Née en 1982, d’un père éthiopien et d’une mère irlandaise, Ruth Negga retient de son enfance l’impression d’être différente. C’est ainsi qu’elle explique son attirance pour les personnages de marginaux, qui se succèderont tout au long de sa carrière. Très tôt fascinée par le cinéma, elle s’inscrit à des cours d’art dramatique. Si bien que, dès 2004, elle apparait au premier plan de la série Love is the Drug, dans laquelle elle débute aux côtés de deux autres futures vedettes d’origine irlandaise, Allen Leech (Downton Abbey, Imitation Game) et Colin O’Donoghue (Once Upon A Time).
Par la suite, Ruth Negga se tourne vers la scène, jouant dans les plus prestigieuses pièces du répertoire, et incarne notamment la célèbre Ophélie d’ "Hamlet" au National Theatre. Dans "Phèdre", elle foule les planches aux côtés d’Helen Mirren et d’un certain Dominic Cooper…
C’est ainsi que le réalisateur Neil Jordan, assistant à l’une de ses représentations, la découvre et tombe sous son charme. A tel point qu’il décide de modifier le scénario de son film Breakfast on Pluto (2005), afin de lui offrir un rôle : celui de Charlie, la femme enceinte d’un terroriste de l’IRA, le prometteur Cillian Murphy. Propulsée au sein d’une production britannique portée par Liam Neeson, sa carrière est désormais lancée.

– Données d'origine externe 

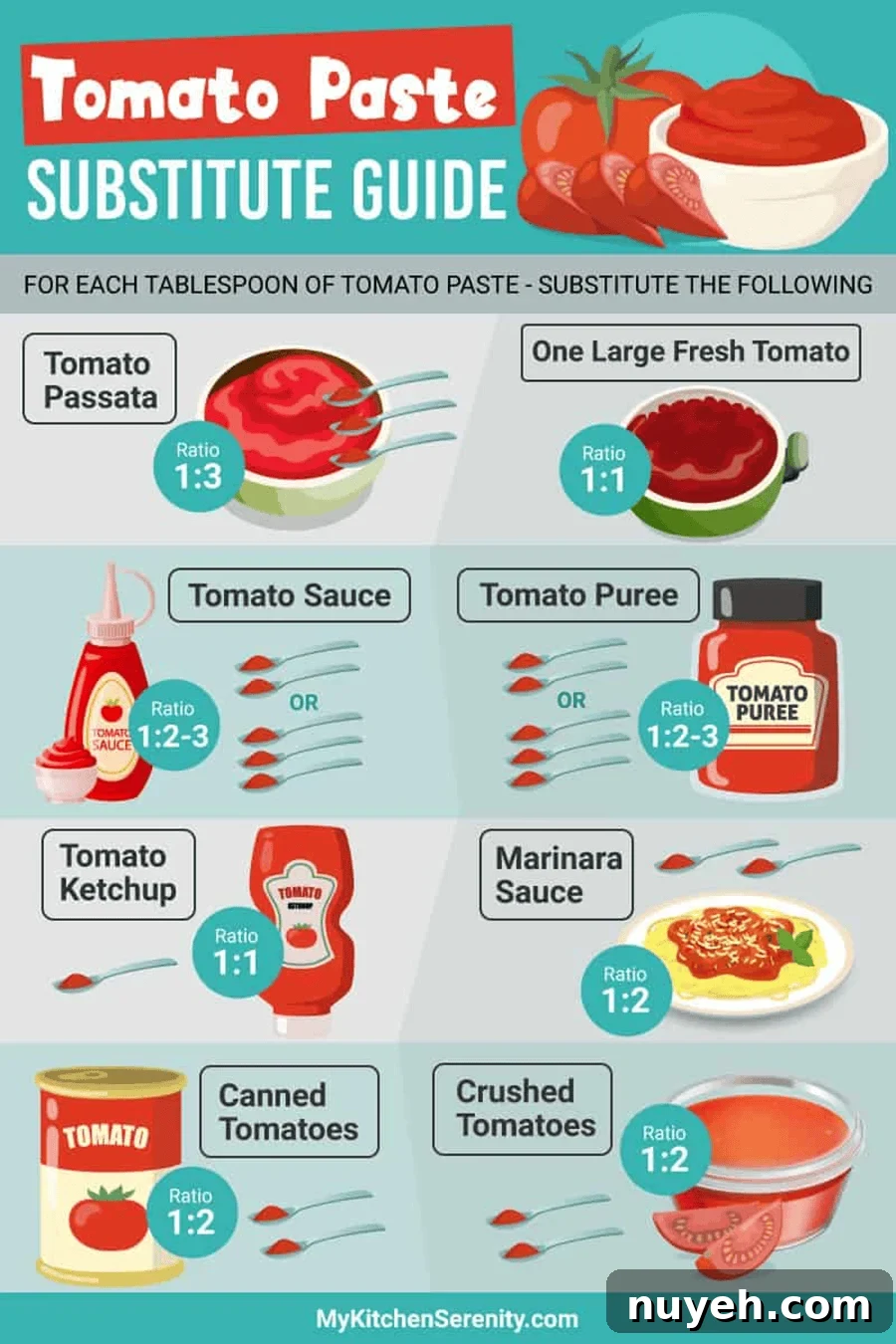 Various tomato products on a table.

Elle intègre alors la première saison de Criminal Justice (2008), aux côtés de Ben Whishaw, puis enchaine les rôles principaux et récurrents sur le petit écran. Dans une volonté de s’éloigner des clichés et d’offrir à son jeu d’actrice le plus de nuances possible, Ruth Negga se tourne vers des personnages auxquels elle s’identifie, défendant la cause des femmes et des personnes de couleur. Ainsi, elle prête ses traits à Doris Siddiqi, working girl de la mini-série BBC, Personal Affairs (2009) ; Nikki, petite amie du super-héros Curtis, héritant du pouvoir de se téléporter suite à une greffe de cœur, dans Misfits (2010) ; Rosie, plongée dans la misère et la criminalité de Love/Hate (2010-2011) ; enfin l’Inhumaine aux intentions mystérieuses, Raina, dans Marvel’s Agents of SHIELD (2013-2015).
En 2011, elle campe une autre femme au parcours remarquable, la chanteuse Shirley Bassey, dans le biopic éponyme Shirley, et remporte l’IFTA Award de la Meilleure Actrice à la Télévision pour sa prestation.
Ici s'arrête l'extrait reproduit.